Output the data in full. Keep every word exact and exclude the pictures.

SUPPLIED DATA:
+--

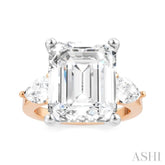 1 Ctw Tri-Mount Emerald Shape Center Pear and Round Cut Diamond Semi Mount Engagement Ring in 14K Rose and White Gold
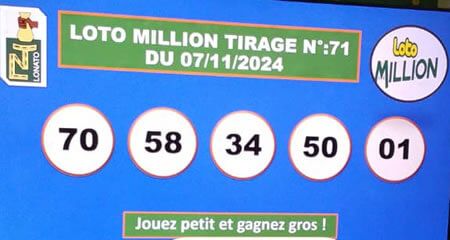 Résultats du loto Million tirage 71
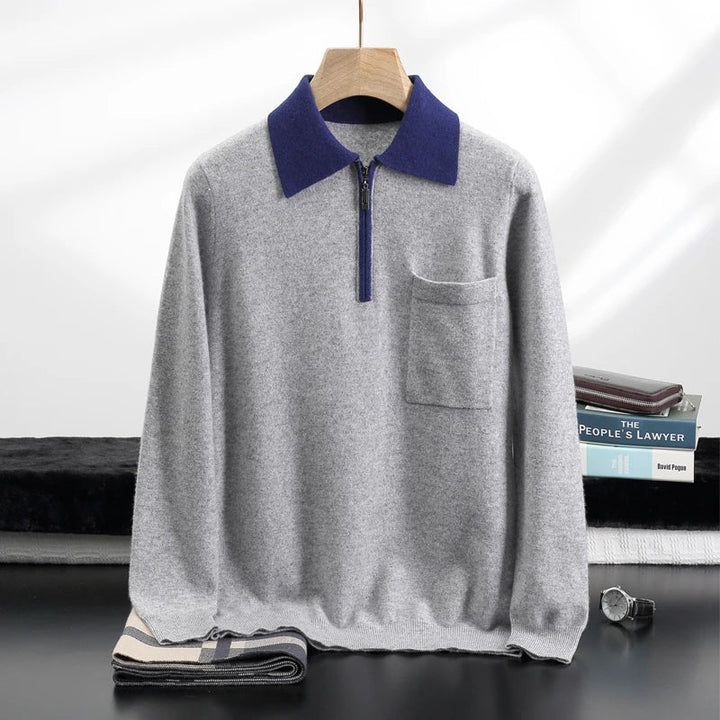 Men's Cashmere Half-Zip Polo Shirt – Contrast Collar Comfort – view 5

+--

WRITTEN ANSWER:
 1 Ctw Tri-Mount Emerald Shape Center Pear and Round Cut Diamond Semi Mount Engagement Ring in 14K Rose and White Gold
 Résultats du loto Million tirage 71
 Men's Cashmere Half-Zip Polo Shirt – Contrast Collar Comfort – view 5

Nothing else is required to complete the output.